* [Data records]
Content starts
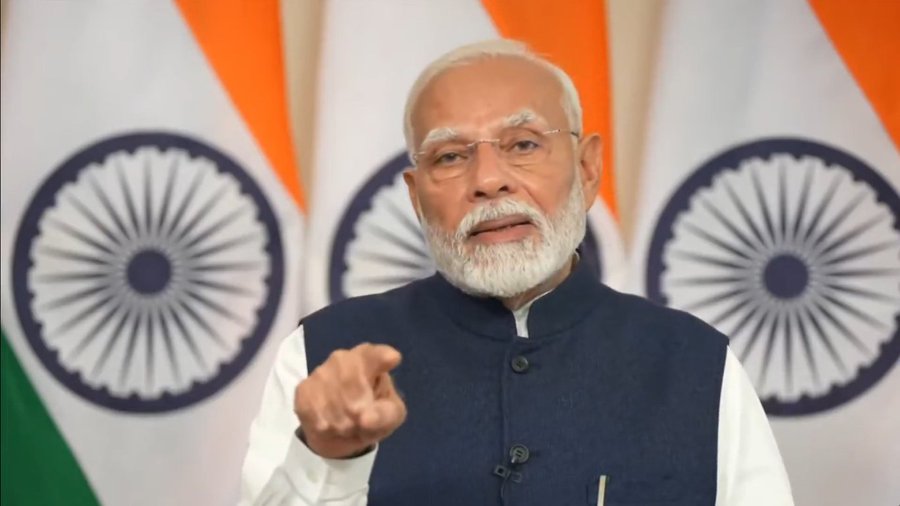 “Budget For Viksit Bharat ensures inclusive growth, benefiting every segment of society and paving the way for a developed India”: Narendra Modi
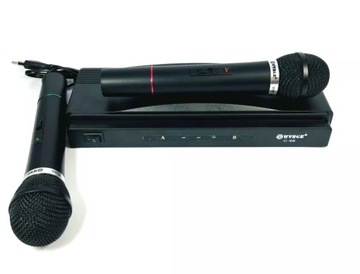 НАБОР ДЛЯ КАРАОКЕ HEROSTAR C-05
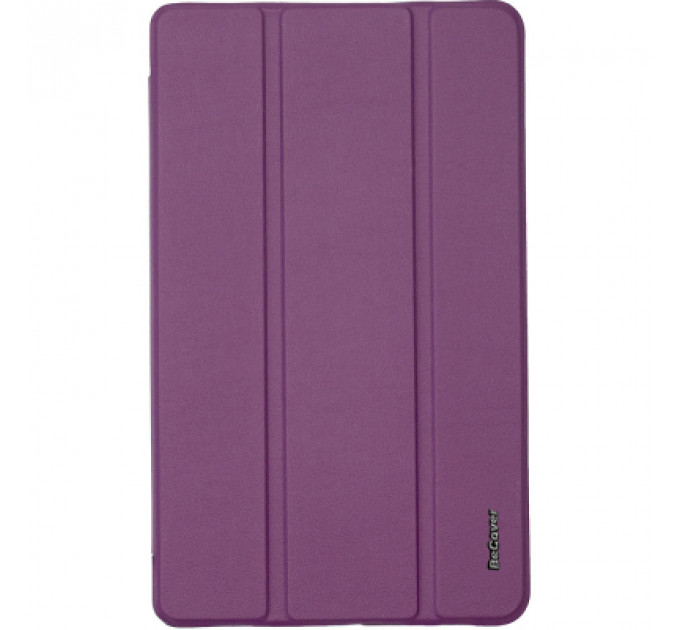 Чохол до планшета BeCover Smart Case Lenovo Tab M10 TB-328F (3rd Gen) 10.1" Purple (708285)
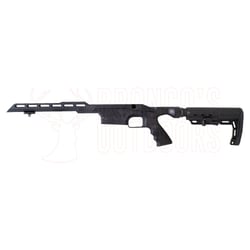 Howa Mini Action EXCL Lite Chassis Fixed Stock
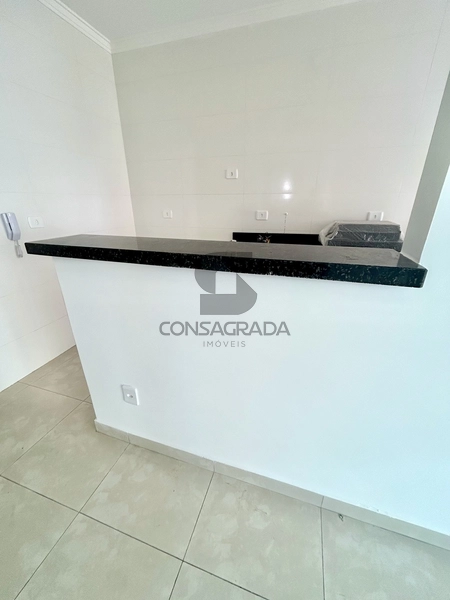 Apartamento na Praia Grande, no Bairro Aviação.: 14ª foto da galeria de imagens do imóvel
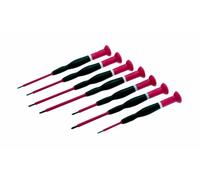 Cimco Outils Set de tournevis de précision 112050
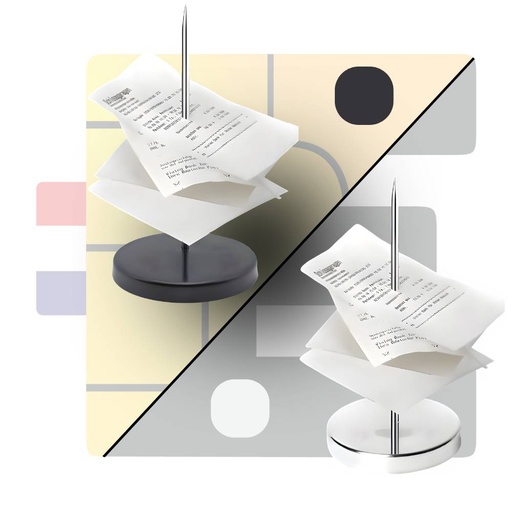 Pique-Note pour Tickets CB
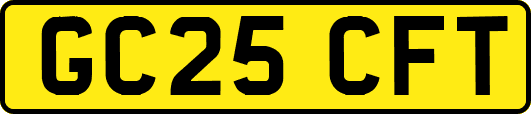 GC25CFT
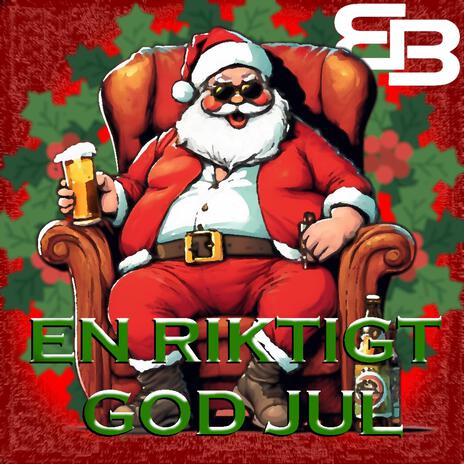 En riktigt god jul | Boomplay Music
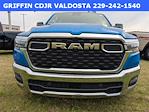 New 2025 Ram 1500 Big Horn Crew Cab 4x4 Pickup for sale #V0716 - photo 8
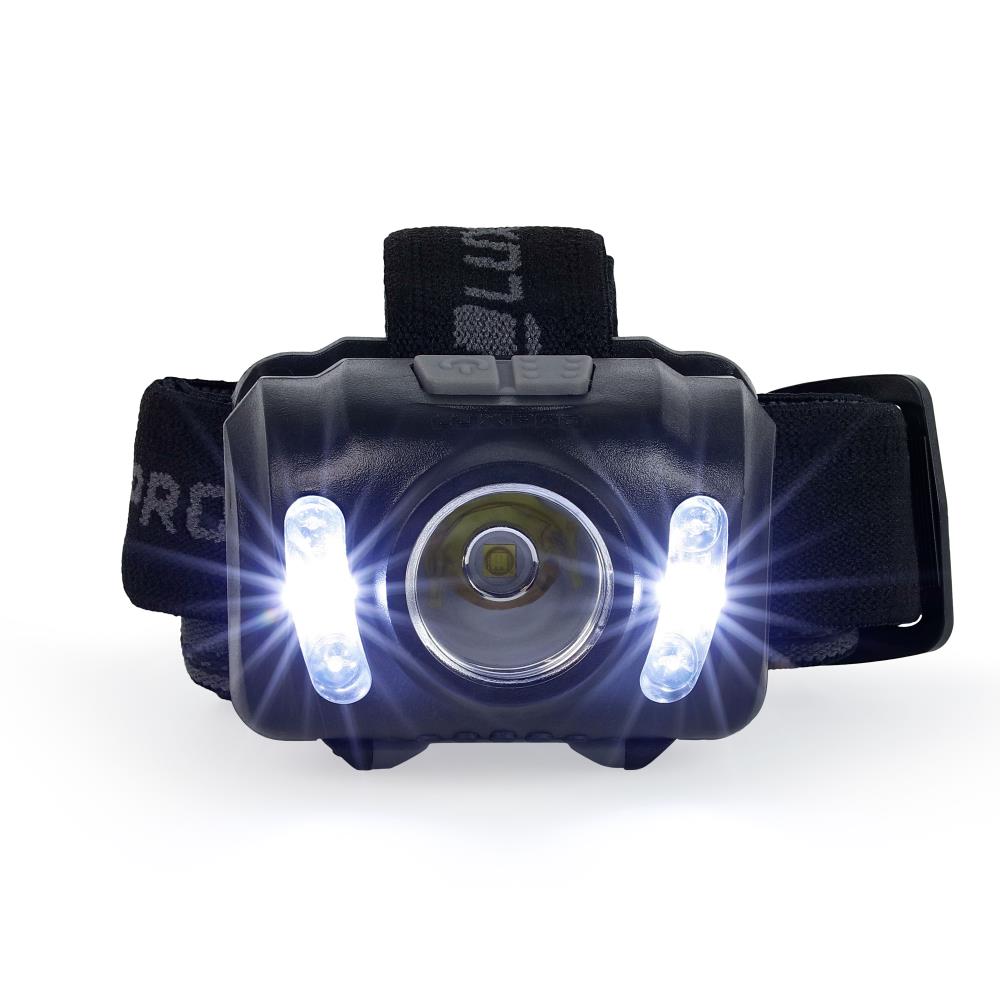 210-Lumen LED Headlamp (Battery Included) LP345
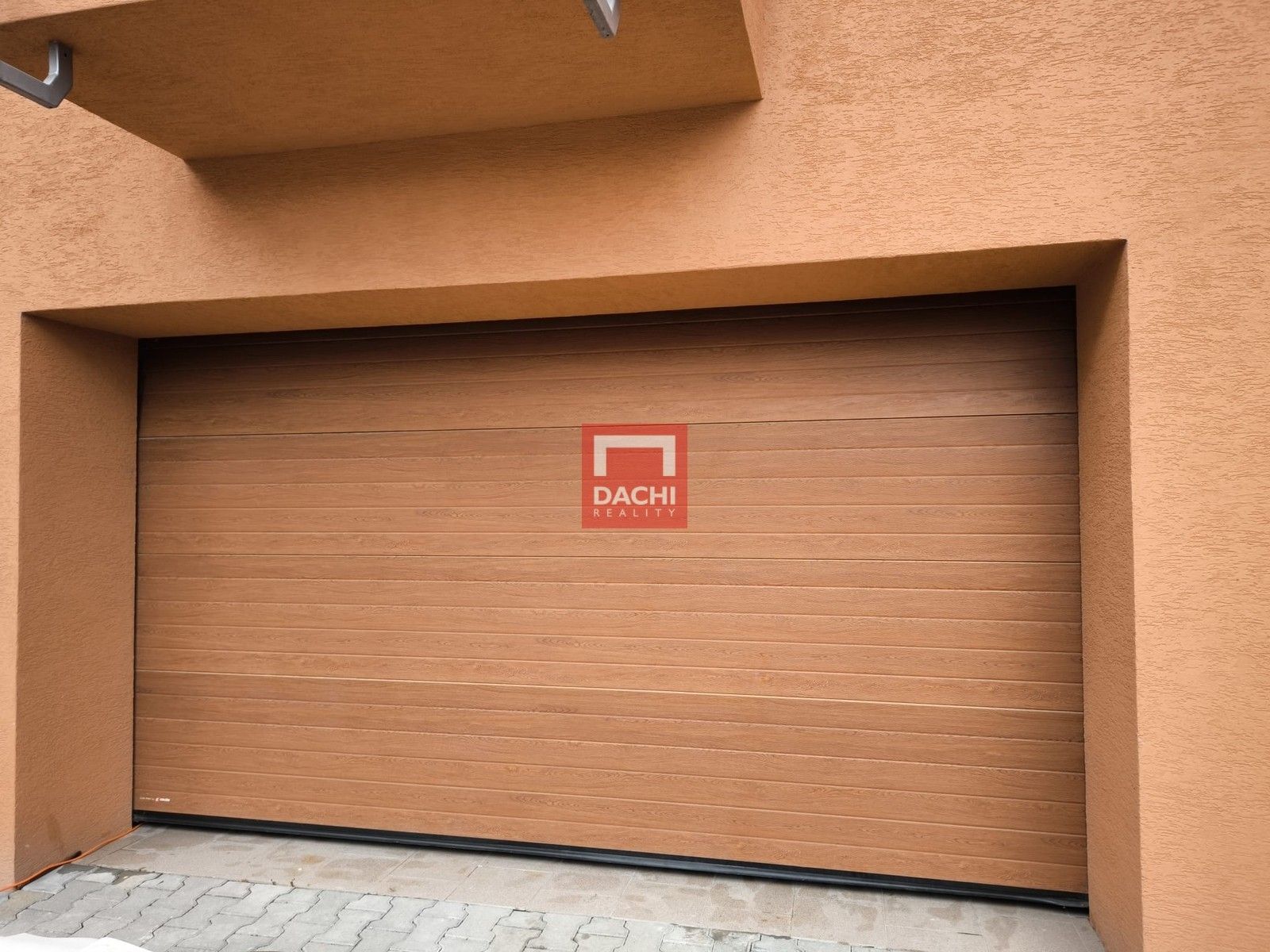 Garáže, Dlouhá, Olomouc, 25 m²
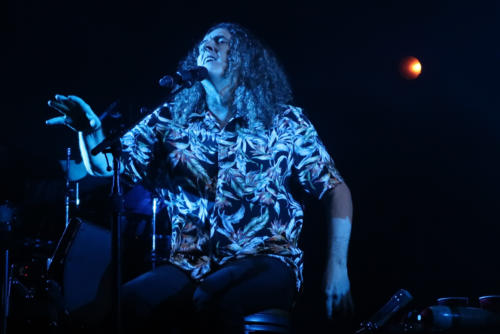 WeirdAl2018 Atlanta 0162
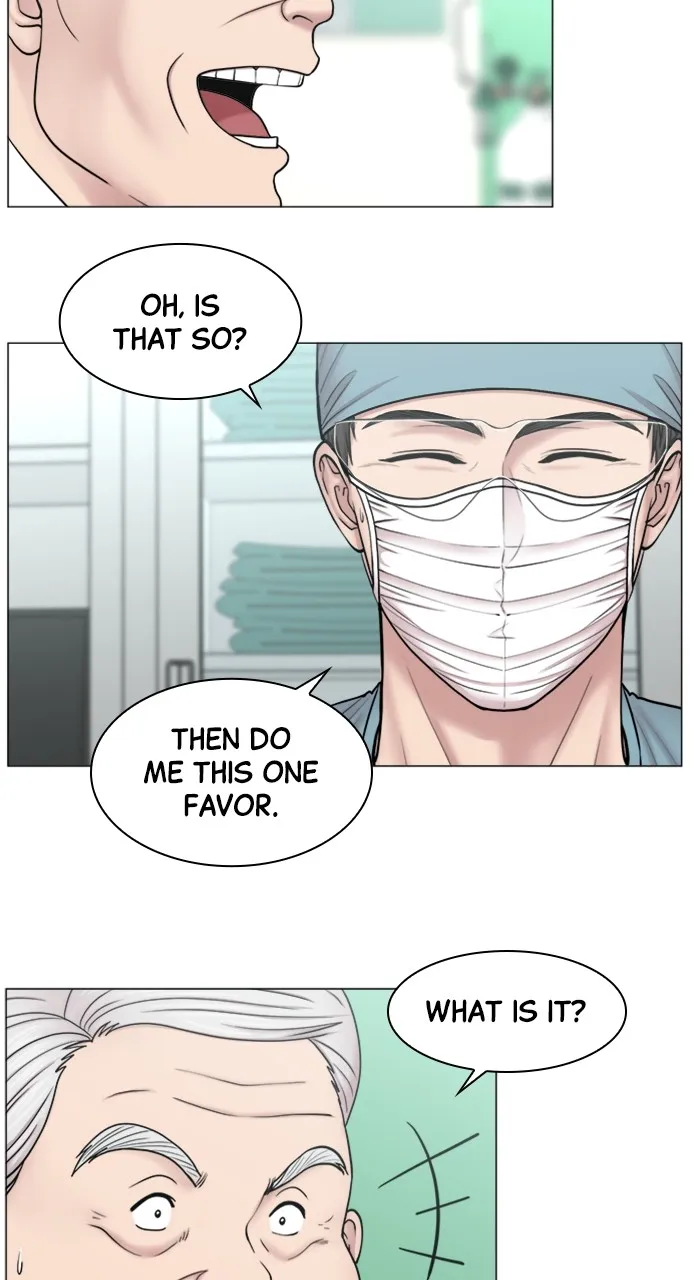 Trauma Center: Golden Hour (The Trauma Code) Chapter 85 page 38 - 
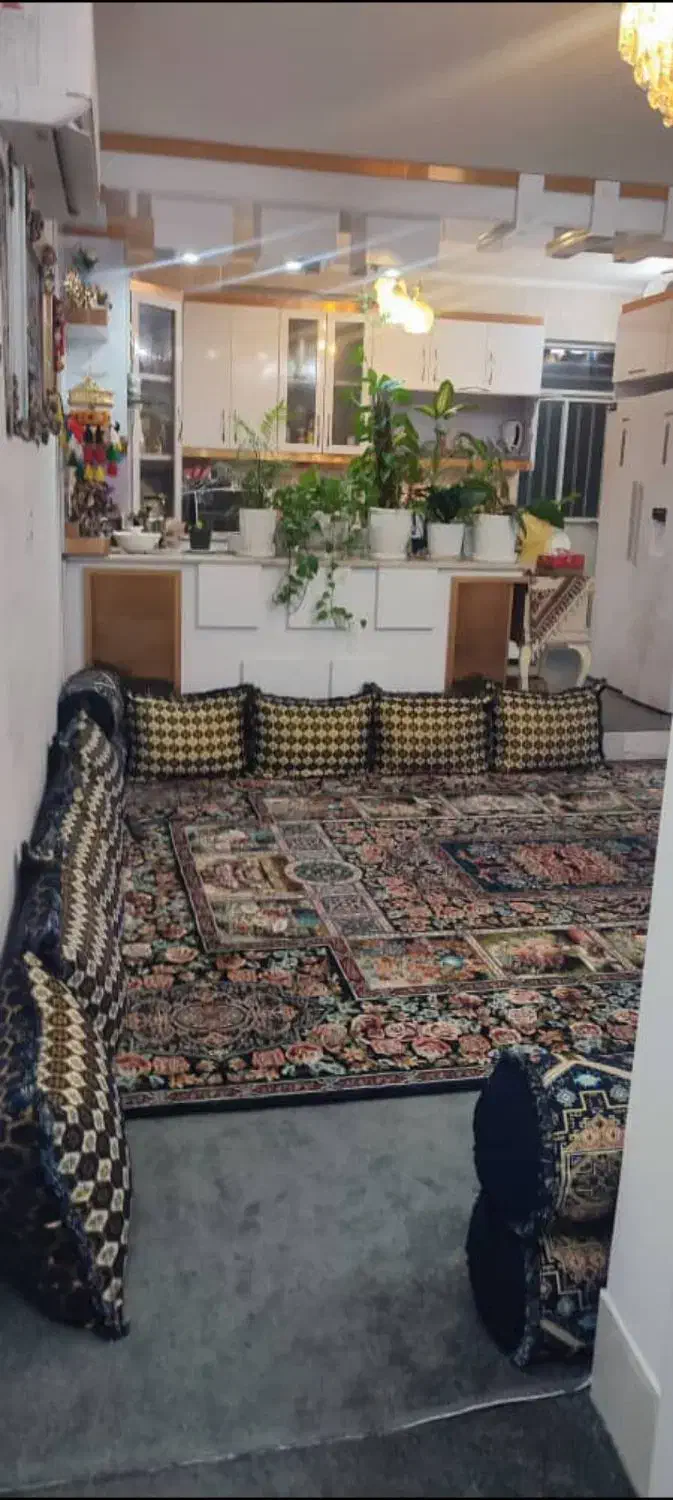 فروش آپارتمان ۸۵ متری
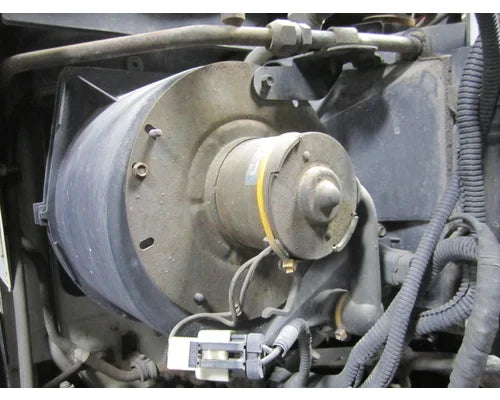 Sterling 35402 HVAC blower motor from 2006 Sterling A8513, used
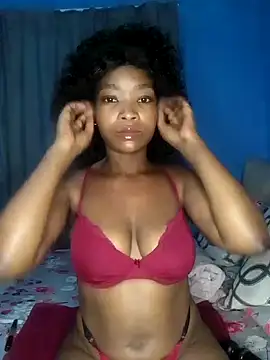 NunuBerry16 online show from 02/22/25, 05:24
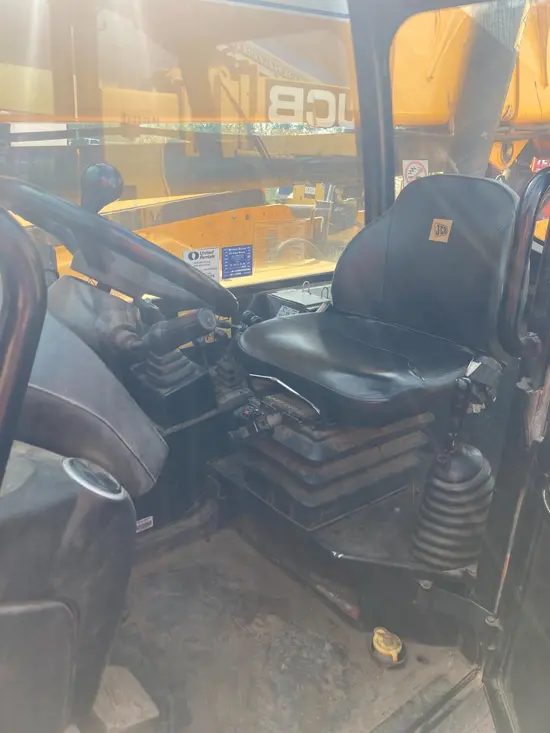 2021 JCB 512-56 Forklift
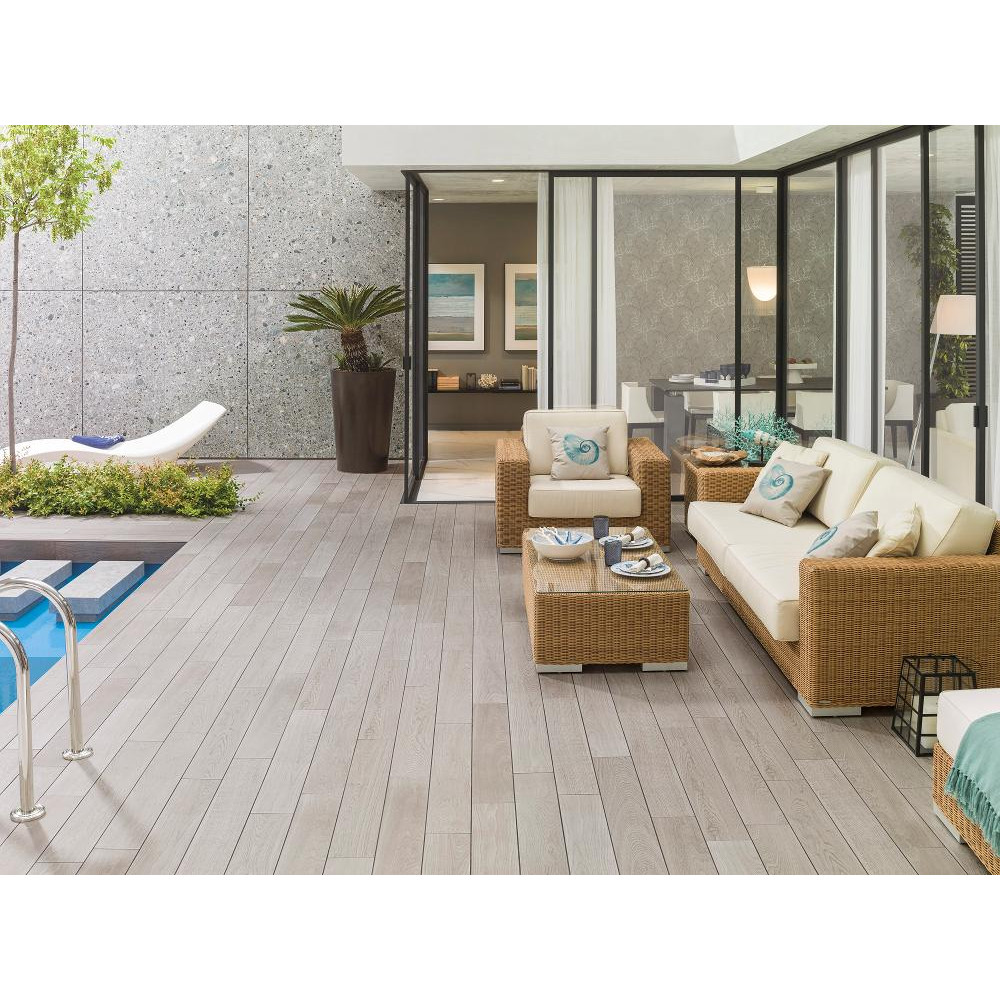PORCELANOSA G340 FOREST ACERO ANT.14.3x90 (плитка для підлоги і стін)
Content ends
* [WHAT IS EXPECTED]
A faithful copy is needed: reproduce all of the data above, leaving the pictures out.

* [ANSWER TO THE PROBLEM]
 “Budget For Viksit Bharat ensures inclusive growth, benefiting every segment of society and paving the way for a developed India”: Narendra Modi
 НАБОР ДЛЯ КАРАОКЕ HEROSTAR C-05
 Чохол до планшета BeCover Smart Case Lenovo Tab M10 TB-328F (3rd Gen) 10.1" Purple (708285)
 Howa Mini Action EXCL Lite Chassis Fixed Stock
 Apartamento na Praia Grande, no Bairro Aviação.: 14ª foto da galeria de imagens do imóvel
 Cimco Outils Set de tournevis de précision 112050
 Pique-Note pour Tickets CB
 GC25CFT
 En riktigt god jul | Boomplay Music
 New 2025 Ram 1500 Big Horn Crew Cab 4x4 Pickup for sale #V0716 - photo 8
 210-Lumen LED Headlamp (Battery Included) LP345
 Garáže, Dlouhá, Olomouc, 25 m²
 WeirdAl2018 Atlanta 0162
 Trauma Center: Golden Hour (The Trauma Code) Chapter 85 page 38 - 
 فروش آپارتمان ۸۵ متری
 Sterling 35402 HVAC blower motor from 2006 Sterling A8513, used
 NunuBerry16 online show from 02/22/25, 05:24
 2021 JCB 512-56 Forklift
PORCELANOSA G340 FOREST ACERO ANT.14.3x90 (плитка для підлоги і стін)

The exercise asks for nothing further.